我们传统的TTS API无法控制生成音频的语音。例如,如果你想将一段文本转换为音频,你无法对音频生成给出任何具体的指示。

通过音频聊天补全,你可以在生成音频之前给出具体的指示。这允许你告诉 API 以不同的语速、语调和口音说话。通过适当的指示,这些声音可以更加动态、自然和符合语境。

传统 TTS

传统 TTS 可以指定声音,但不能指定语调、口音或任何其他上下文音频参数。

from openai import OpenAI
client = OpenAI()

tts_text = """
Once upon a time, Leo the lion cub woke up to the smell of pancakes and scrambled eggs.
His tummy rumbled with excitement as he raced to the kitchen. Mama Lion had made a breakfast feast!
Leo gobbled up his pancakes, sipped his orange juice, and munched on some juicy berries.
"""

speech_file_path = "./sounds/default_tts.mp3"
response = client.audio.speech.create(
    model="tts-1-hd",
    voice="alloy",
    input=tts_text,
)

response.write_to_file(speech_file_path)

聊天补全 TTS

通过聊天补全,你可以在生成音频之前给出具体的指示。在下面的示例中,我们为儿童生成了具有英式口音的学习环境语音。这对于语音助手对学习体验很重要的教育应用尤其有用。

import base64

speech_file_path = "./sounds/chat_completions_tts.mp3"
completion = client.chat.completions.create(
    model="gpt-4o-audio-preview",
    modalities=["text", "audio"],
    audio={"voice": "alloy", "format": "mp3"},
    messages=[
        {
            "role": "system",
            "content": "You are a helpful assistant that can generate audio from text. Speak in a British accent and enunciate like you're talking to a child.",
        },
        {
            "role": "user",
            "content": tts_text,
        }
    ],
)

mp3_bytes = base64.b64decode(completion.choices[0].message.audio.data)
with open(speech_file_path, "wb") as f:
    f.write(mp3_bytes)

speech_file_path = "./sounds/chat_completions_tts_fast.mp3"
completion = client.chat.completions.create(
    model="gpt-4o-audio-preview",
    modalities=["text", "audio"],
    audio={"voice": "alloy", "format": "mp3"},
    messages=[
        {
            "role": "system",
            "content": "You are a helpful assistant that can generate audio from text. Speak in a British accent and speak really fast.",
        },
        {
            "role": "user",
            "content": tts_text,
        }
    ],
)

mp3_bytes = base64.b64decode(completion.choices[0].message.audio.data)
with open(speech_file_path, "wb") as f:
    f.write(mp3_bytes)

聊天补全多语言 TTS

我们还可以生成不同语言口音的音频。在下面的示例中,我们生成了具有乌拉圭西班牙语口音的音频。
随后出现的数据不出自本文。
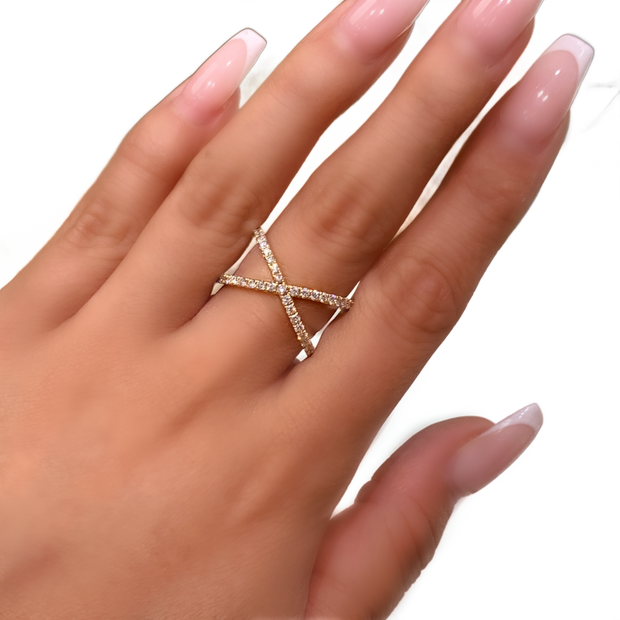14K Yellow Gold X-Shaped Diamond Ring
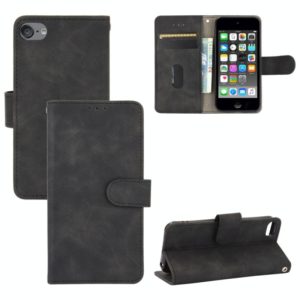 For iPod Touch 6 & 5 Solid Color Skin Feel Magnetic Buckle Horizontal Flip Calf Texture PU Leather Case with Holder & Card Slots & Wallet(Black) (OEM)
completion = client.chat.completions.create(
    model="gpt-4o",
    messages=[
        {
            "role": "system",
            "content": "You are an expert translator. Translate any text given into Spanish like you are from Uruguay.",
        },
        {
            "role": "user",
            "content": tts_text,
        }
    ],
)
translated_text = completion.choices[0].message.content
print(translated_text)

speech_file_path = "./sounds/chat_completions_tts_es_uy.mp3"
completion = client.chat.completions.create(
    model="gpt-4o-audio-preview",
    modalities=["text", "audio"],
    audio={"voice": "alloy", "format": "mp3"},
    messages=[
        {
            "role": "system",
            "content": "You are a helpful assistant that can generate audio from text. Speak any text that you receive in a Uruguayan spanish accent and more slowly.",
        },
        {
            "role": "user",
            "content": translated_text,
        }
    ],
)

mp3_bytes = base64.b64decode(completion.choices[0].message.audio.data)
with open(speech_file_path, "wb") as f:
    f.write(mp3_bytes)
Había una vez un leoncito llamado Leo que se despertó con el aroma de panqueques y huevos revueltos. Su pancita gruñía de emoción mientras corría hacia la cocina. ¡Mamá León había preparado un festín de desayuno! Leo devoró sus panqueques, sorbió su jugo de naranja y mordisqueó algunas bayas jugosas.

结论

控制生成音频的语音的能力为更丰富的音频体验打开了许多可能性。有许多用例,例如:

  • 增强的表现力:可控 TTS 允许调整语调、音高、语速和情感,使声音能够传达不同的情绪(例如,兴奋、平静、紧迫)。
  • 语言学习和教育:可控 TTS 可以模仿口音、语调和发音,这对于语言学习者和教育应用来说是有益的,在这些应用中,准确的语调和重音至关重要。
  • 情境化语音:可控 TTS 可以根据内容的上下文调整语音,例如专业文档的正式语调或社交互动中的友好、对话风格。这有助于在虚拟助手和聊天机器人中创建更自然的对话。